Social media isn’t keeping you from building meaningful relationships. How you spend your time on social — and more specifically, who you hang out with — could be the bigger problem.

Too often, we engage online in conversations and with communities of people who would rather whine than empower. Friends, it is no one’s fault but your own if you choose to do that. I’m sick to death of coaches, trainers, and managers telling practitioners that social media is a waste of time. Anything is a waste of time if you allow it to be.

Follow these best practices to start finding the good in social networks instead of getting mired down in the drama:

  1. Don’t be afraid to clean house. Unfriend, block, or unfollow those who don’t add value or clog your feed with negative energy. You do not have to accept every friend request. (In fact, blindly accepting every request is a horrible idea.)
  2. Avoid groups where pros just complain about each other. You know which ones I am talking about. Sure, venting can feel therapeutic, and everyone needs to vent once in a while.

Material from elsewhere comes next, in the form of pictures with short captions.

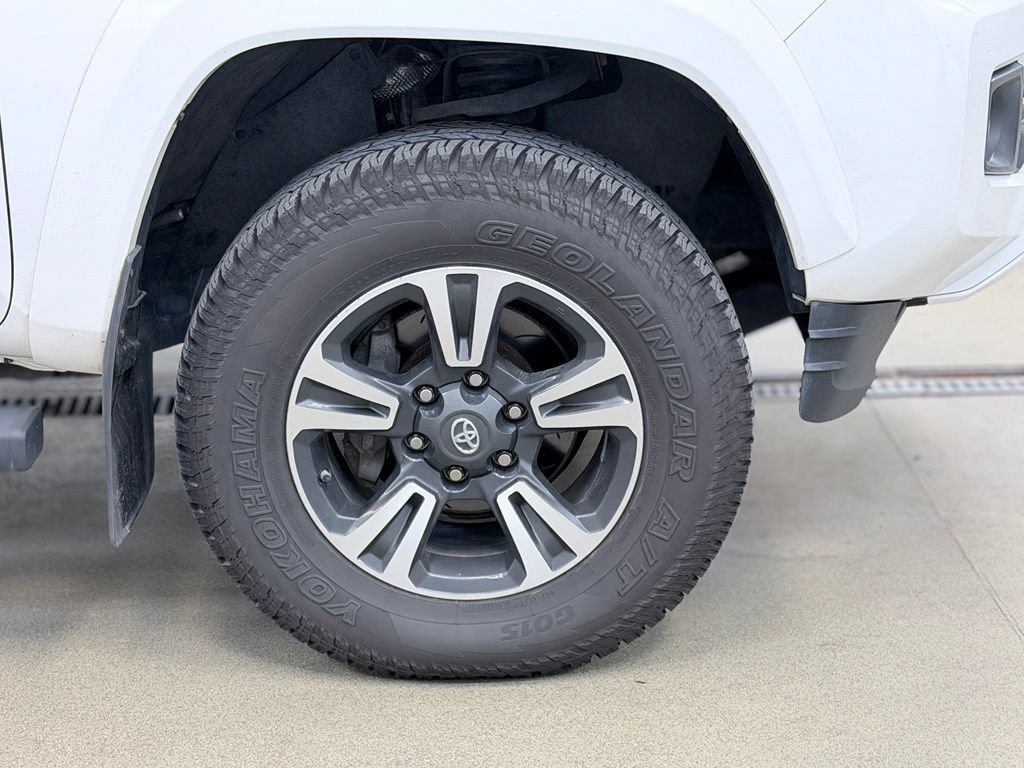 Used 2017 Toyota Tacoma TRD Sport w/ Tow Package AWD/4WD image 4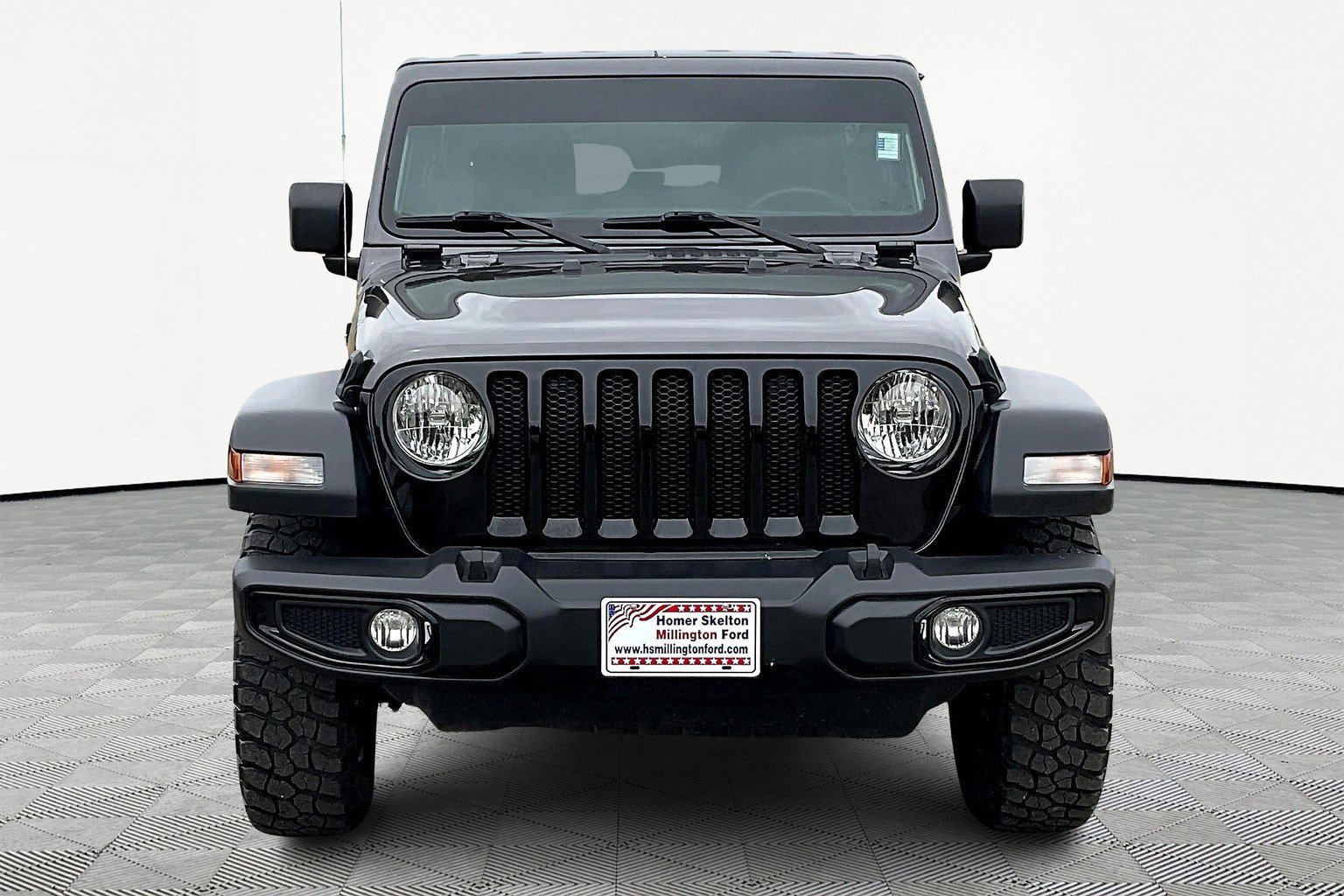 Used 2023 Jeep Wrangler Willys image 3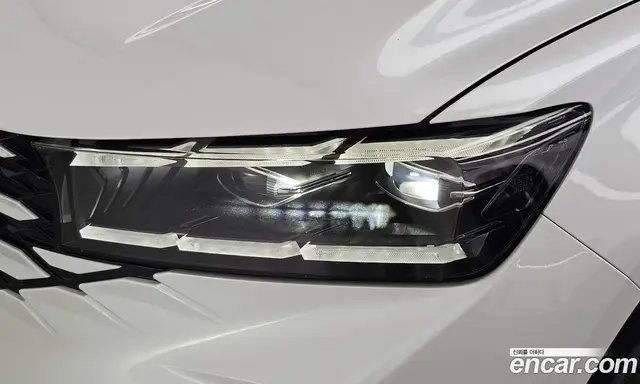 Renault (Samsung) Grand Koleos 2024 1.5 автомат (гидро), миниатюра 8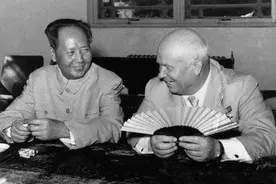 毛泽东：为了维护国家主权，连“半个指头”的条件都不允许图片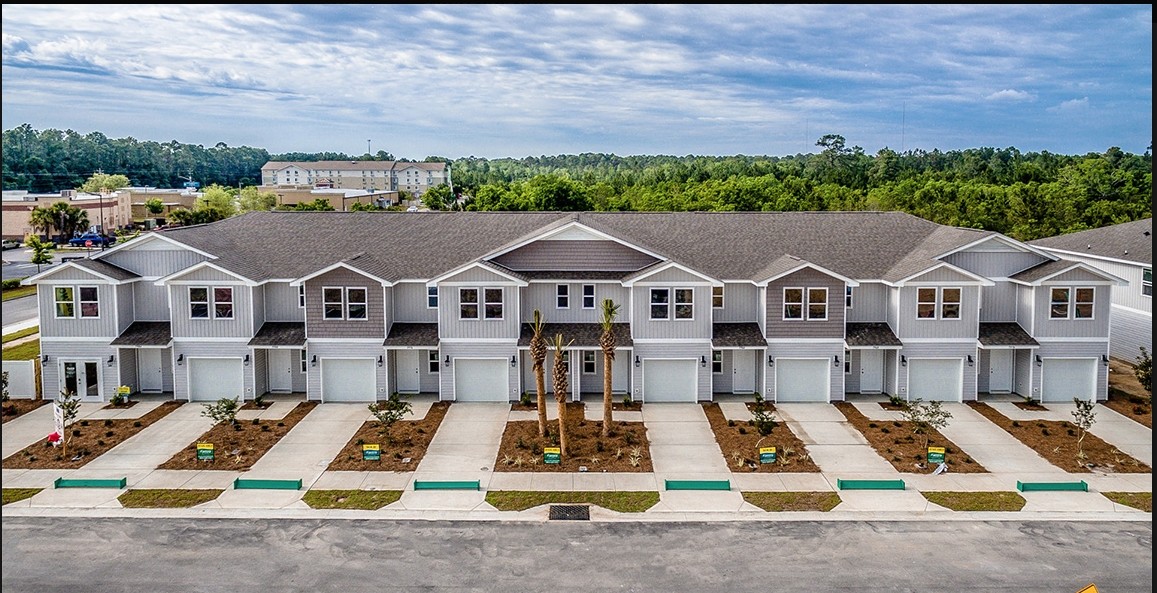 Sentinel Point in Callaway, FL - Building Photo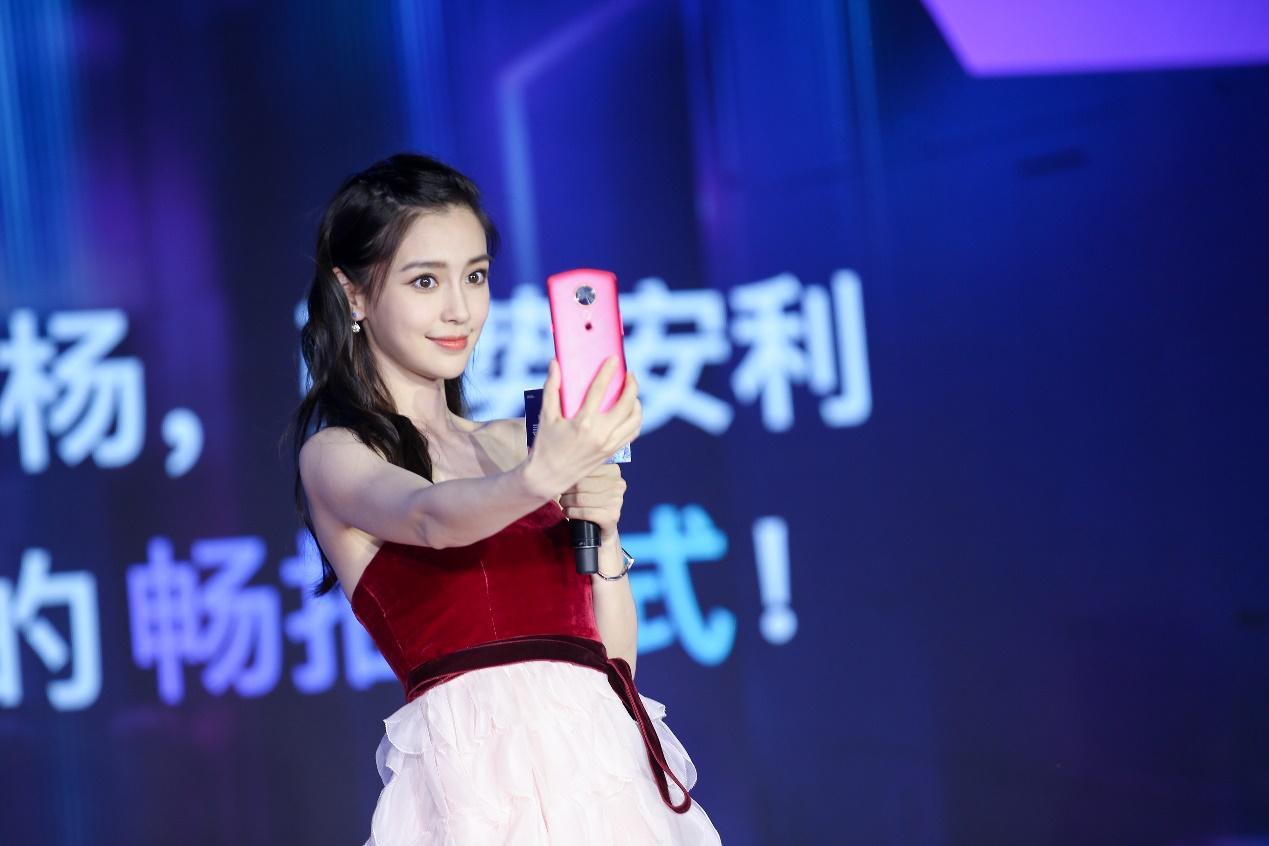 明星限量,友情与爱,星光熠熠的陪伴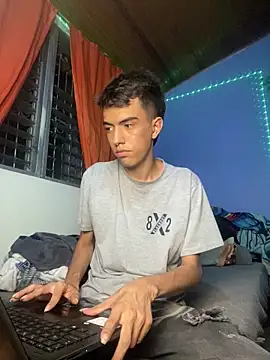 Juan Gomezz26 online show from April 2026 12:16:02 AM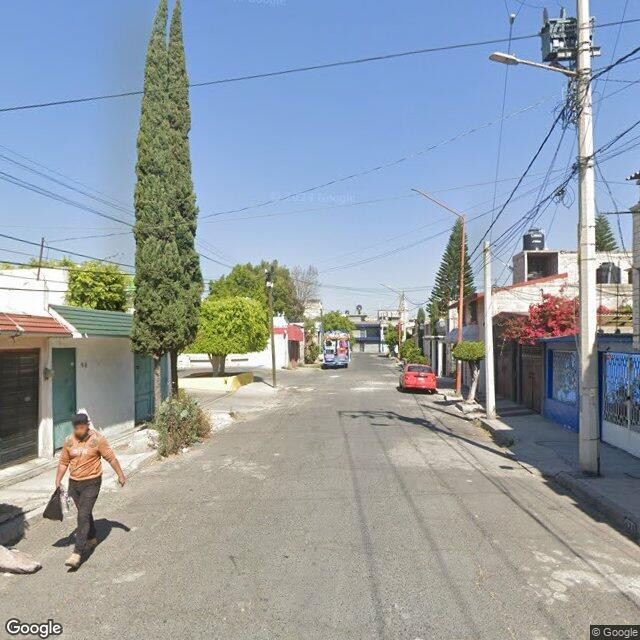 Casa en remate bancario en Valle de Aragon, Ecatepec de Morelos - foto 2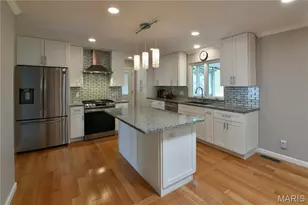 965 Orchard Lakes Dr, Saint Louis, MO 63146 - Photo 18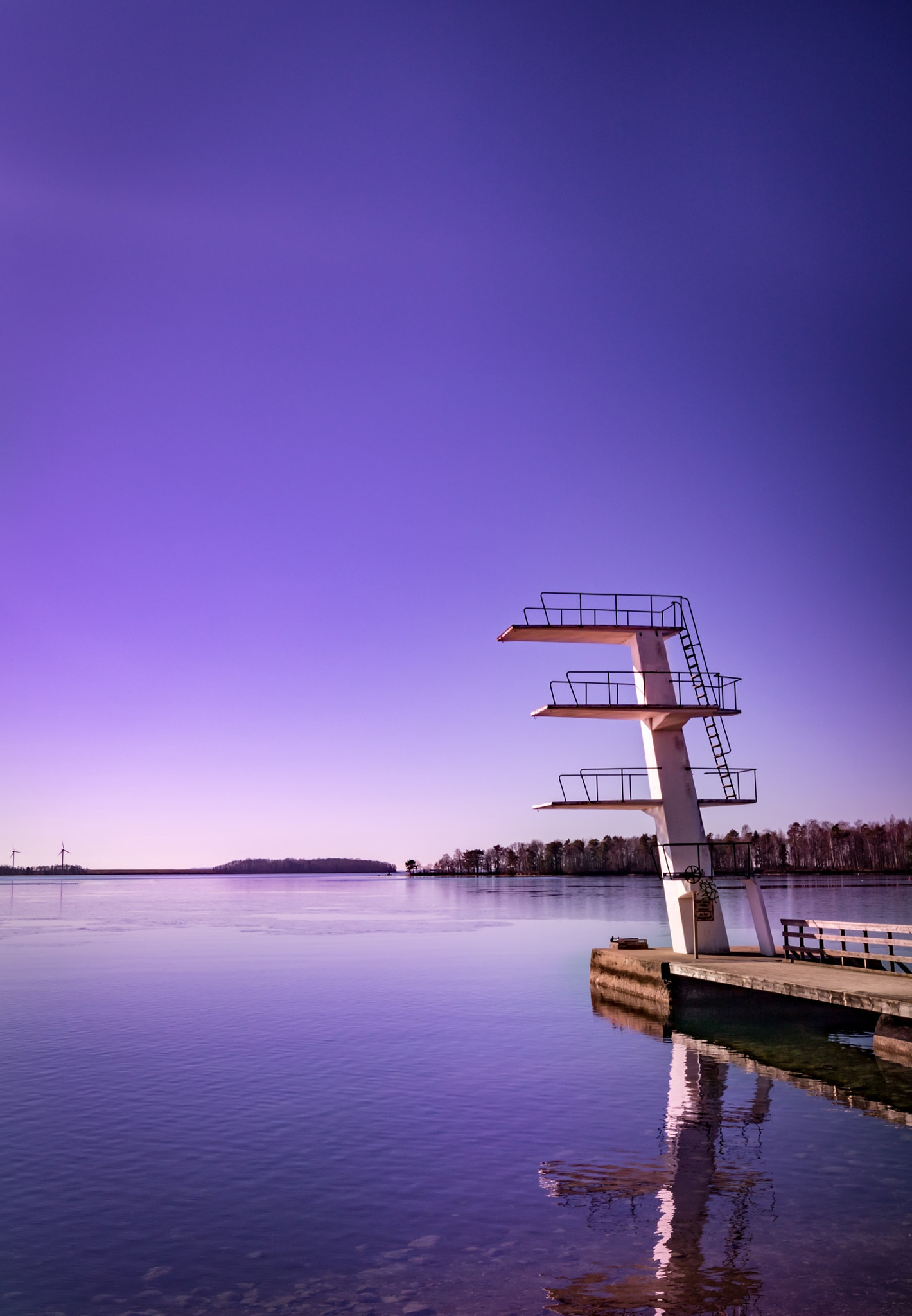 Canon EF 16-35mm F4L IS USM sample photo. Jump photography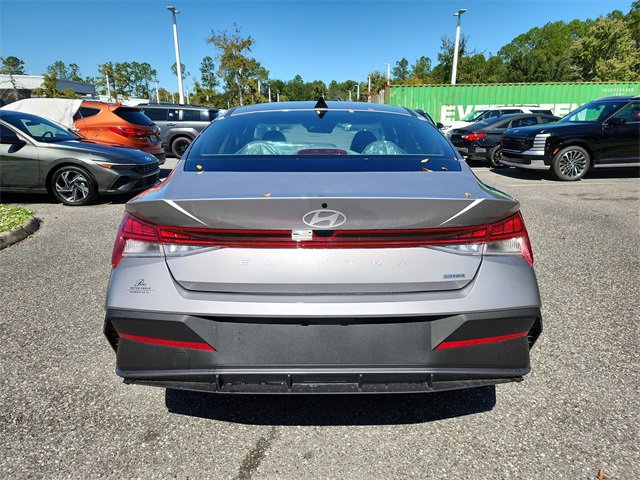 New 2025 Hyundai Elantra Blue image 4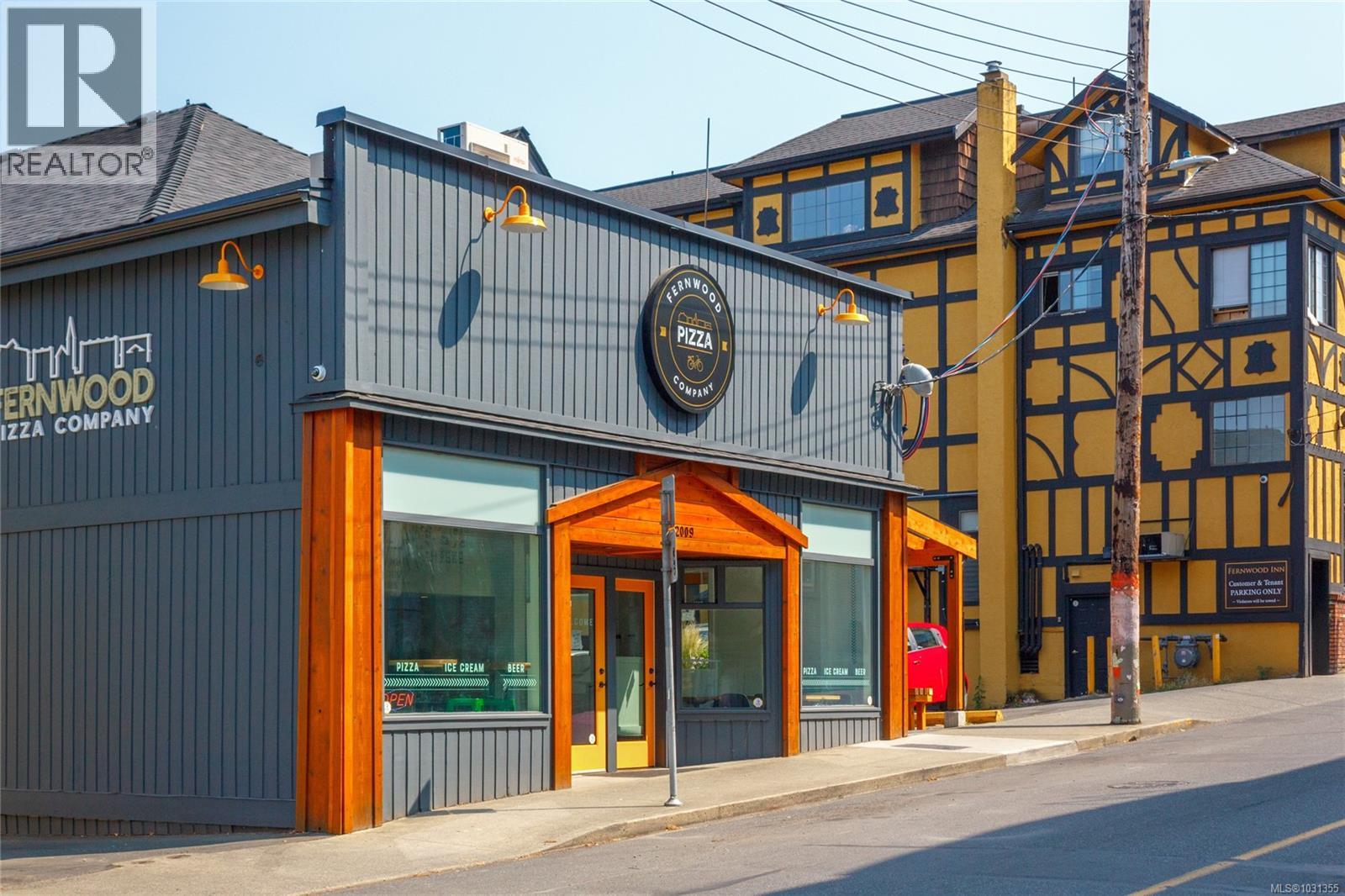 8 1331 Johnson St, Victoria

But keep in mind that everything you say online is public, and you have no control over who shares it or takes a screenshot.
  3. Don’t be afraid to reach out to people who you admire. One of the very best advantages of social networking is that you have the opportunity to converse with anyone, anywhere. Seek out those who are positive and trying new things.

Your outlook will change completely if you spend time curating a tribe of people who will encourage you.  The same way you are prospecting for new business, you need to be prospecting for a tribe. Seek out those who add value to this industry, and engage them in conversation. How often are you adding to your personal tribe? Are you networking for allies and mentors, rather than just someone to refer to? Social media is not your problem, but it can be your solution. It all depends on how you look at it.